→ Supplied material:
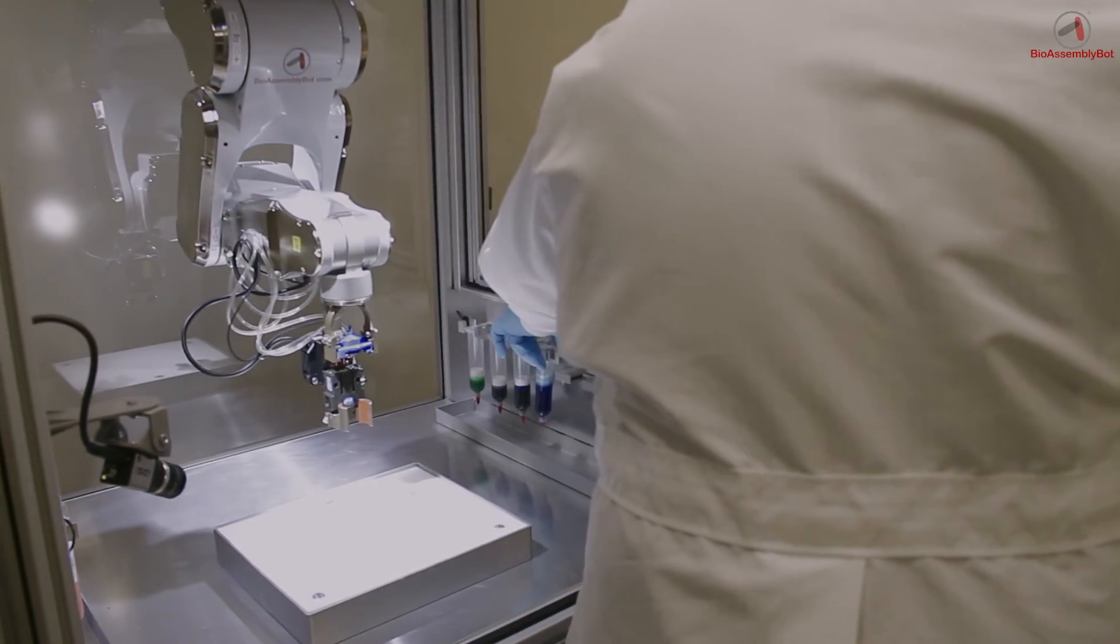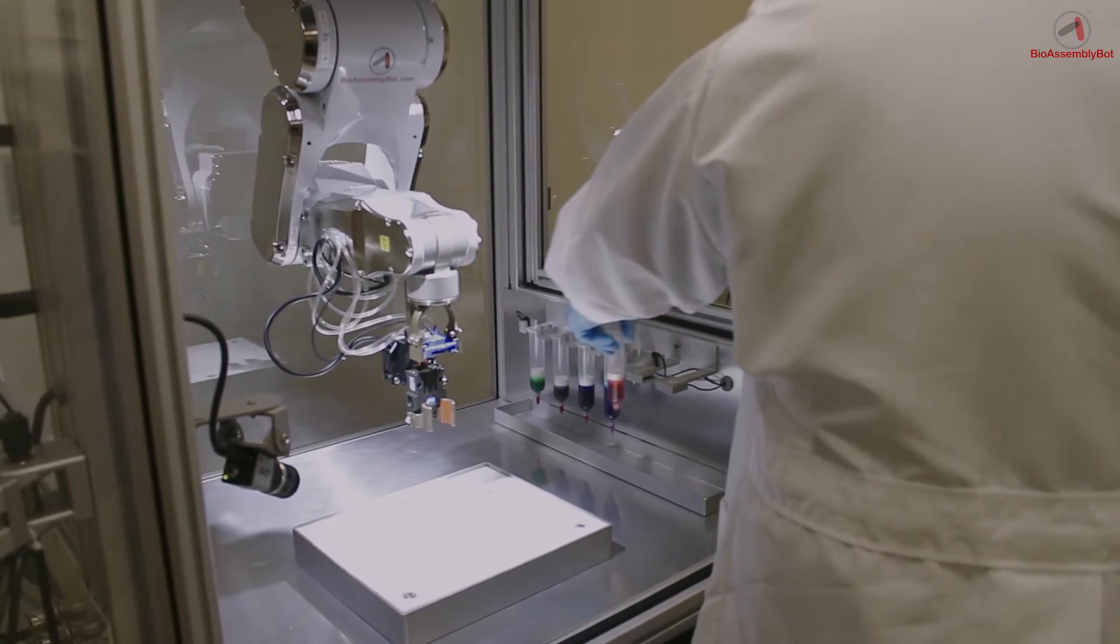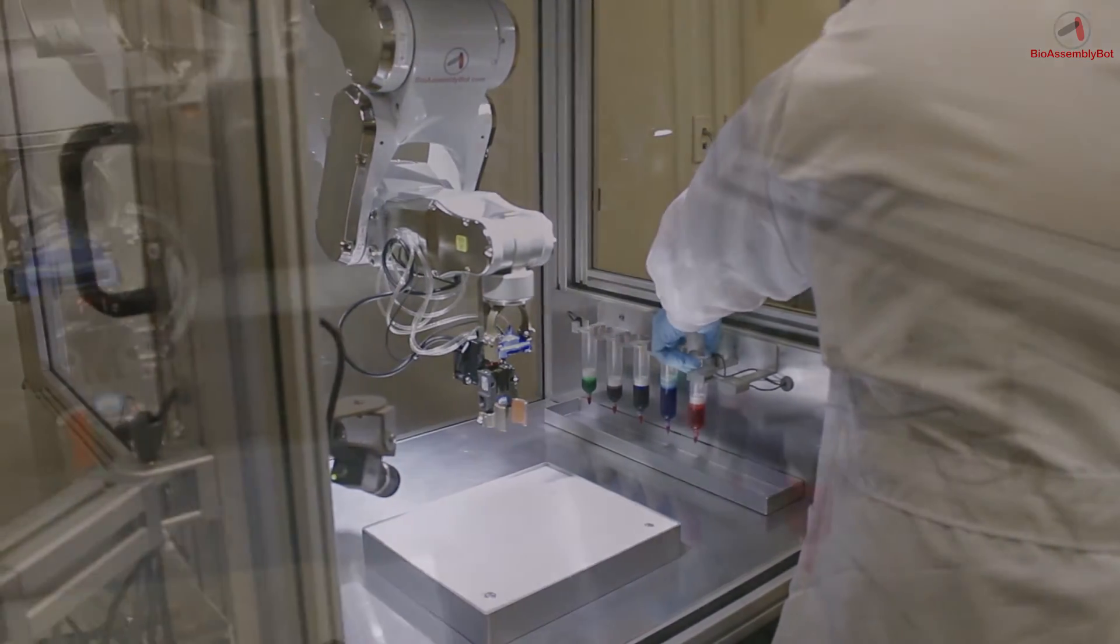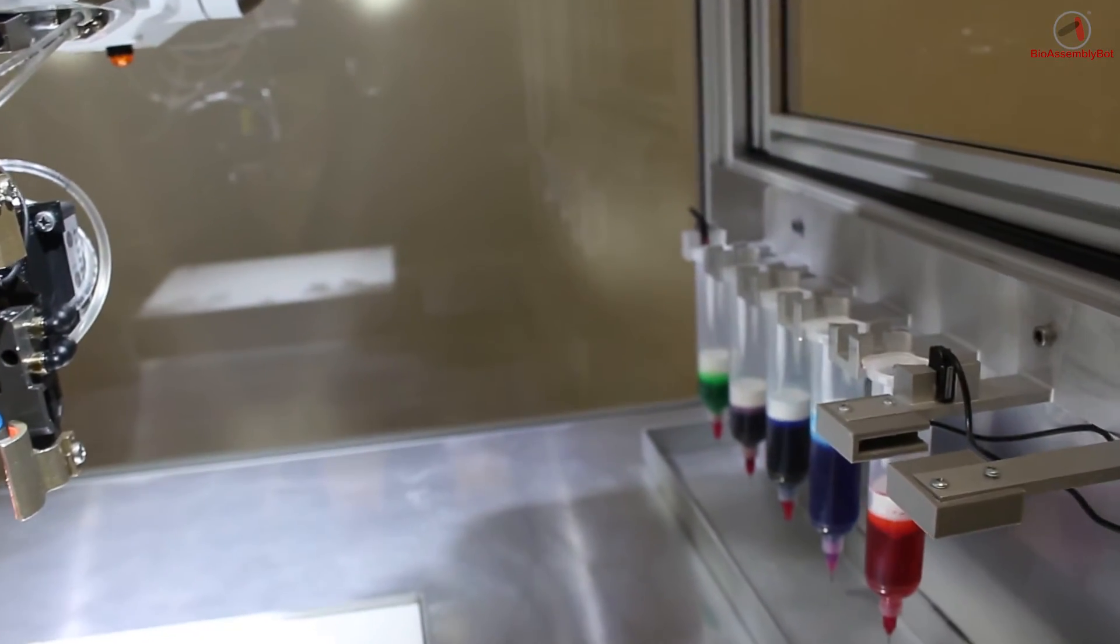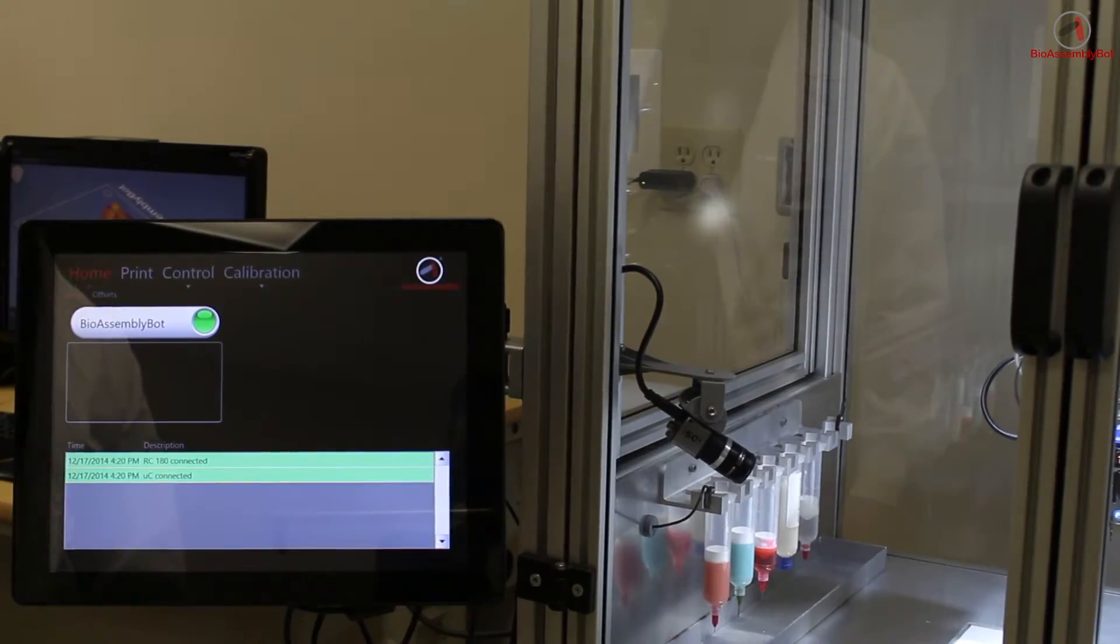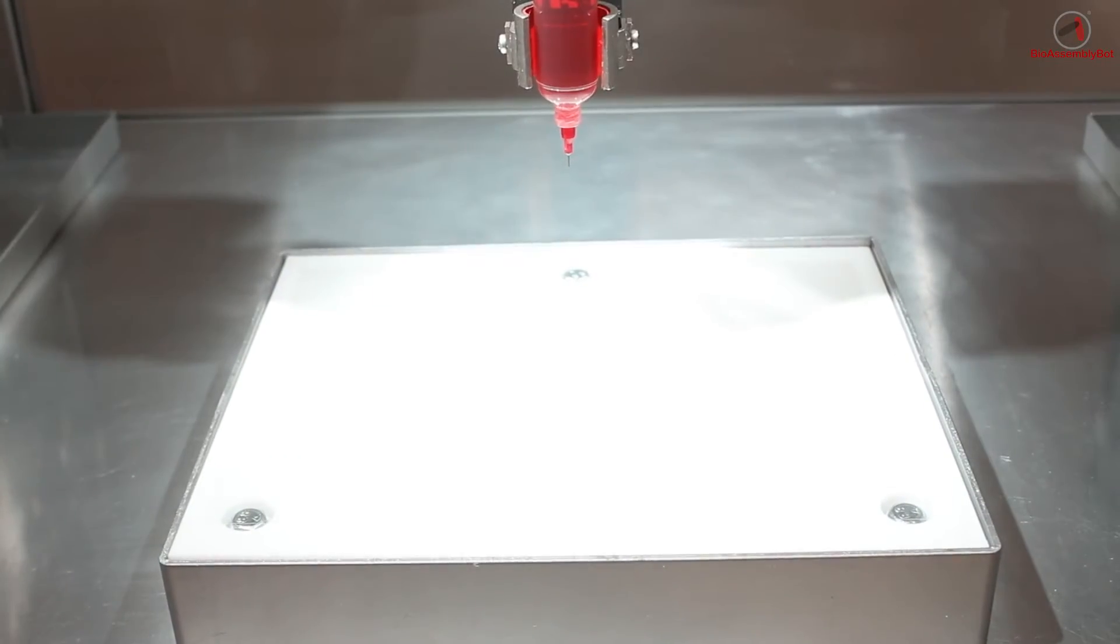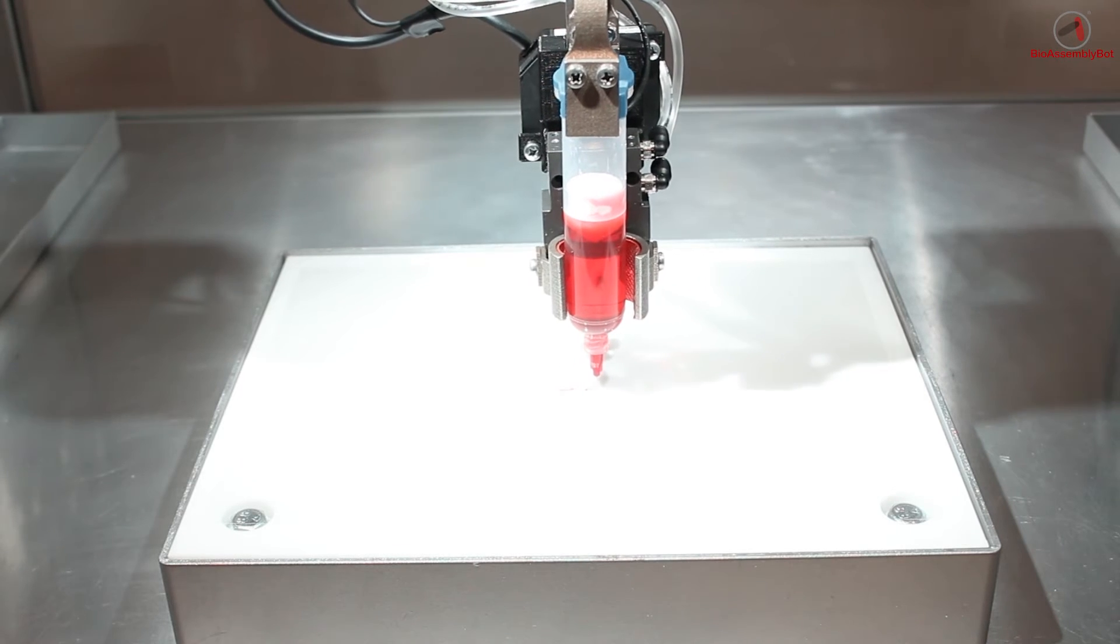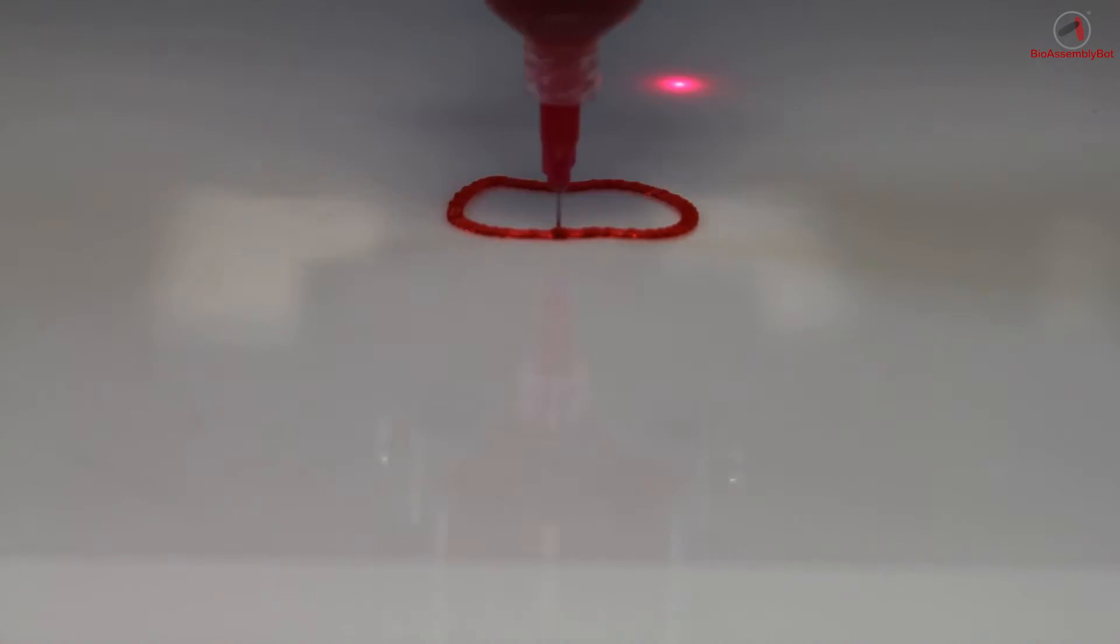Here he's putting in two different hydrogels, one to be the body of the heart and the other to be the vessels. Once he is ready to go, he confirms the print, and the printer automatically starts the print job.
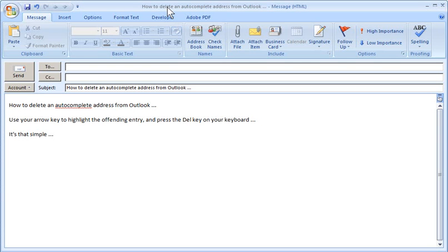In this video, I'm going to show you how to delete an autocomplete email address from Outlook that has either been mistyped or is someone you no longer wish to contact or be reminded of.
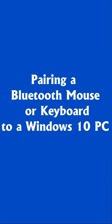In this video, I'll show you how to pair a Bluetooth mouse or keyboard to Windows 10 PC.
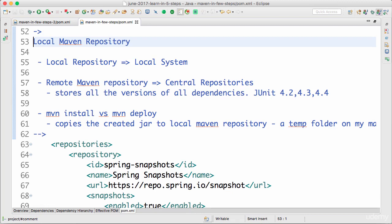In this step, we looked at what a local Maven repository is, what a remote Maven repository is, and what happens when I specify a dependency in my project. Until the next step. Bye-bye.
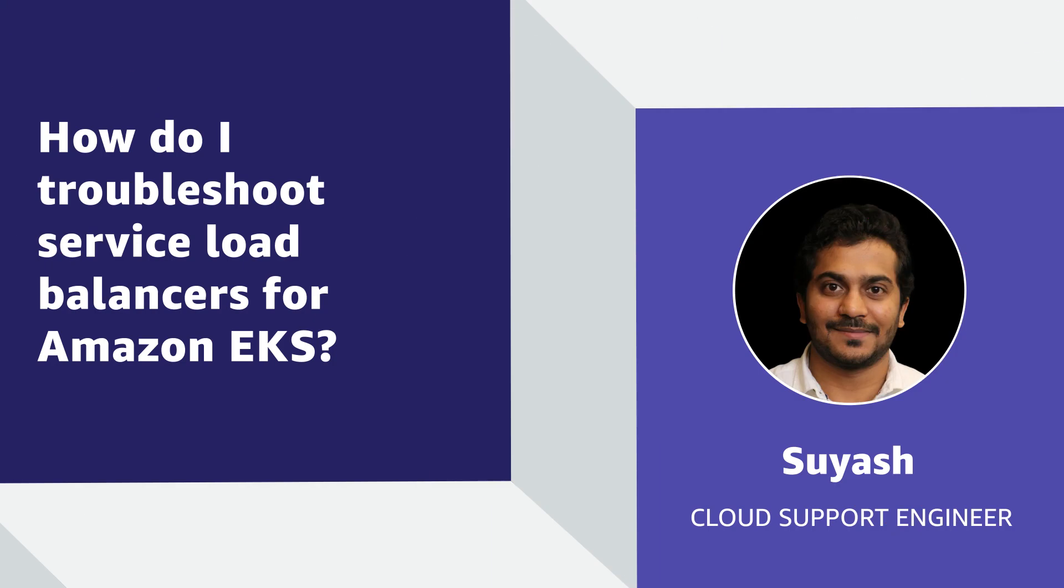So now you know how to troubleshoot service load balancers for Amazon EKS. Thanks for watching and happy cloud computing from all of us here at AWS.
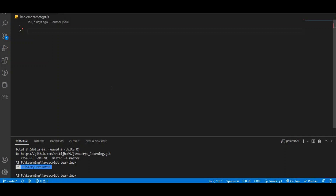We can easily check code, refactor that code, and get functions for that. So let's see how to implement and use ChatGPT in coding using VS Code.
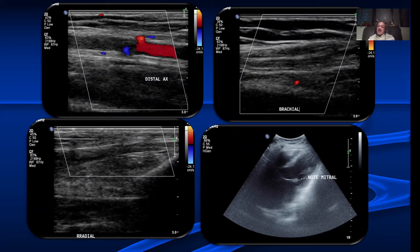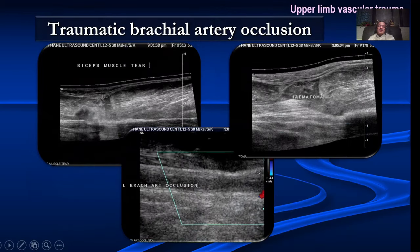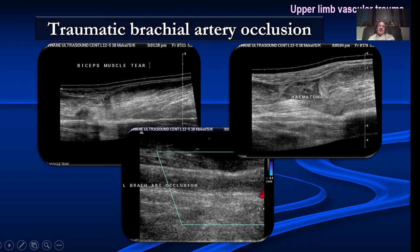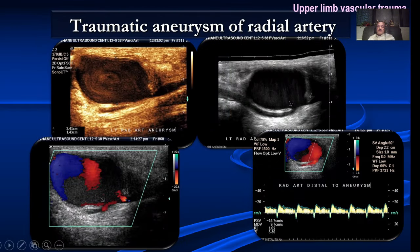Embolism is very common in the upper limb compared to the lower limb. Here is a person who came with upper limb pain in the early morning — we found a complete occlusion of the axillary artery due to an embolus. We put a probe on the heart and saw the source of embolism on the mitral valve in a known case of mitral valve disease. Another patient had an industrial accident where his hand went into part of a machine, developing a complete tear of the biceps muscle with brachial artery occlusion.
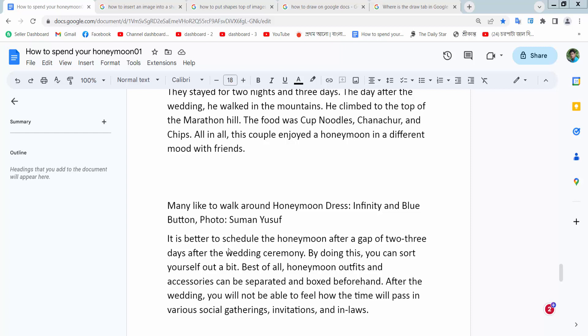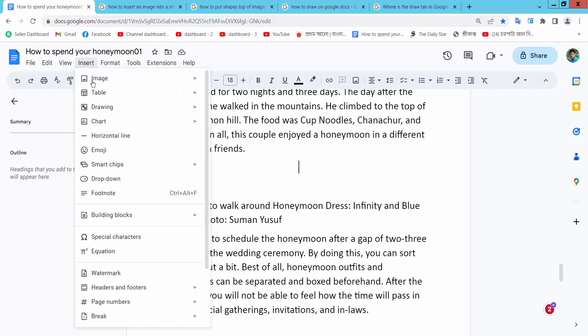Hello everyone, today I will show you how to add background color to a shape in Google Docs. Open your Docs file. Now select the Insert option, here we will find the Drawing option. Now select New.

→ Exercise aim:
Reproduce each entry precisely; the pictures stay out.

→ Expected answer:
Here he's putting in two different hydrogels, one to be the body of the heart and the other to be the vessels. Once he is ready to go, he confirms the print, and the printer automatically starts the print job.
In this video, I'm going to show you how to delete an autocomplete email address from Outlook that has either been mistyped or is someone you no longer wish to contact or be reminded of.
In this video, I'll show you how to pair a Bluetooth mouse or keyboard to Windows 10 PC.
In this step, we looked at what a local Maven repository is, what a remote Maven repository is, and what happens when I specify a dependency in my project. Until the next step. Bye-bye.
So now you know how to troubleshoot service load balancers for Amazon EKS. Thanks for watching and happy cloud computing from all of us here at AWS.
We can easily check code, refactor that code, and get functions for that. So let's see how to implement and use ChatGPT in coding using VS Code.
Embolism is very common in the upper limb compared to the lower limb. Here is a person who came with upper limb pain in the early morning — we found a complete occlusion of the axillary artery due to an embolus. We put a probe on the heart and saw the source of embolism on the mitral valve in a known case of mitral valve disease. Another patient had an industrial accident where his hand went into part of a machine, developing a complete tear of the biceps muscle with brachial artery occlusion.
Hello everyone, today I will show you how to add background color to a shape in Google Docs. Open your Docs file. Now select the Insert option, here we will find the Drawing option. Now select New.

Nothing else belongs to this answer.